THE Tucum Brazil completed eight years of experience in August with the purpose of to weave strong and resistant networks between indigenous peoples and Brazilian society.
“There are over 300 people who have re-existed, for 521 years, with their ancestral knowledge and traditions, taking care of our home and providing immeasurable environmental services. With each new order we receive, we are invaded by the force that these arts carry. It is this strength that inspires and motivates us to continue in the resistance”, assesses Amanda Santana, partner and creative director at Tucum.
A member of Origens Brasil® – a network that works for the conservation of the Amazon, formed by indigenous peoples, traditional populations, support institutions and several other companies engaged in generating value for the standing forest and for the people who live in it -, Tucum is highlights by direct, ethical and transparent relationship with the peoples of the territories of Rio Negro, Xingu and Solimões.

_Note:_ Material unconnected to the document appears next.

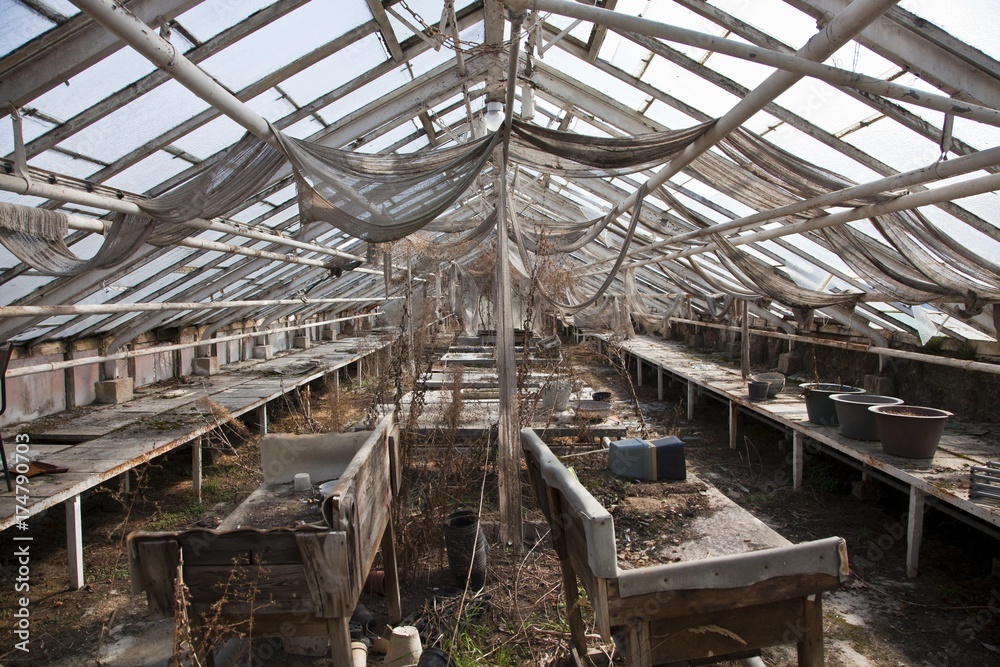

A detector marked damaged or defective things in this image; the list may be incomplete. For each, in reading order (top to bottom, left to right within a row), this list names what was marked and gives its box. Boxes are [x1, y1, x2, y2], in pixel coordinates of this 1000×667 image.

The company informs that it contributed, in 2020, to the maintenance of 15,245,824 hectares of standing forest in the Amazon. It also worked in seven protected areas, contributing to the conservation of 14,077,541 hectares of forest.
“We are grateful to each indigenous artist who did us the honor of exhibiting their works at the our marketplace platform, and to all who join us in valuing the indigenous arts of Brazil. More than just commercializing products, we want to connect people with the rich diversity of narratives, making them also allies of indigenous struggle and re-existence,” says Amanda.
Tucum also participates in the Trillion Trees: Amazon Bioeconomy Challenge, a challenge that seeks innovative bioeconomy projects and solutions that contribute to the conservation, preservation or restoration of biodiversity and forest ecosystem functions, are locally anchored and inclusive and bring social and economic benefits to local communities. The challenge is promoted by World Economic Forum seeking to accelerate nature-based solutions in support of the United Nations Decade for Ecosystem Restoration (2021-2030).